Tuesday, Feb 2, 2016

Karishma Dube

“ON YOUR RADAR” IS A WEEKLY GRAD FILM NEWS SEGMENT THAT FEATURES A STUDENT PICKED AT RANDOM.

KARISHMA IS CURRENTLY A 2ND YEAR STUDENT AT GRAD FILM.  WE ASKED HER A FEW QUESTIONS AND HERE’S WHAT SHE HAD TO SAY:

 

Where are you from and what is it like there?

I was born in New Delhi, India. I’ve had sort of a love-hate relationship with the city. It’s probably as crowded as it is lonely, generously green but its pollution is palpable, still seeped in social norms but spilling with new ideas, new money. Delhi can be severe in its extremities. 

I was very young when I moved to Dehradun, a small valley in the foothills of the Himalayas where I attended boarding school for about eight years. Despite its diverse demographic, the school believed in an equal, homogenous lifestyle for the students - we were always in uniform, ate only school food, no heating, no valuables from home. I remember eating raw mangoes off of trees on campus or toothpaste when we starved for outside food. It was kind of austere now that I think about it. But at the time, I remember feeling at home immediately. 

 

What or who is inspiring you right now and why?

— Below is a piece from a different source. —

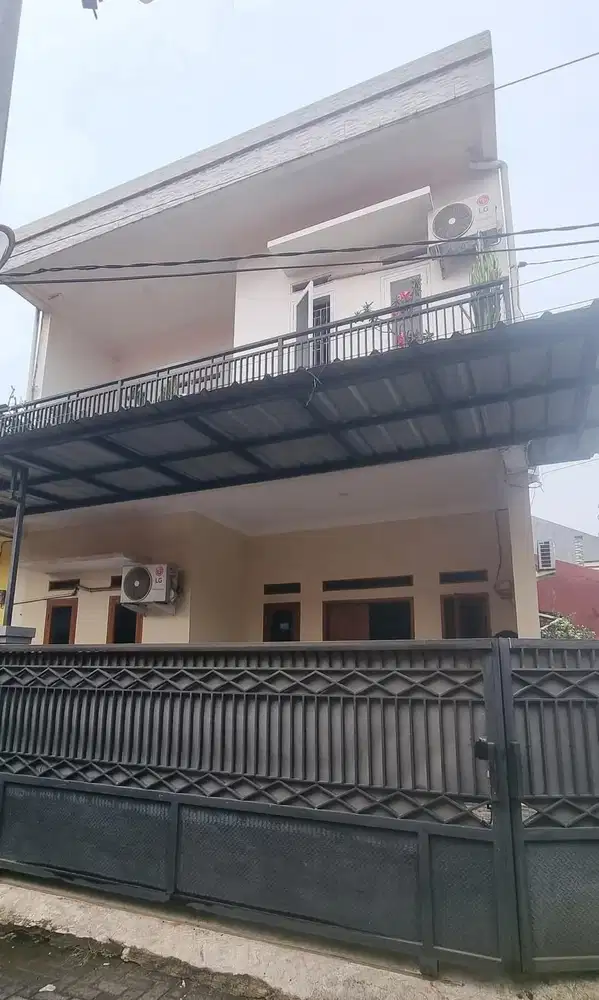 Rumah Tingkat Jual Cepat di Karang Tengah ciledug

I love my country in all its complexities, but it has been unusually inspiring to live away from home. Being away from it has made me look at it closer, understand it better, had me asking the right questions to myself. 

I’m interested in narratives that stem from a rapidly evolving culture- India and its recent politics has both enraged and excited me a lot this past year. The ruling right wing ideology has gone out of its way to fail the social pluralist order in India. It has been a strange year of petty bans, vigilante rule and savage intolerance for absolutely anything different.

In a sense, I feel like it’s good time for art and expression in India. For the first time, I witnessed many artists, writers, filmmakers I respect, come together to challenge or even reject the current political practices. I found a lot inspiration in the words, recent films, and music that have been incited by the dissent felt in India right now.

 

What has been your most rewarding experience at NYU Tisch Grad Film so far?

I came to Tisch completely new to film, so just to be able to learn the basics has given more than I could imagine. But I think I’m most grateful for the collaborators and friends I have met in the program, it’s been unimaginably exciting getting to know and work with so many talented filmmakers.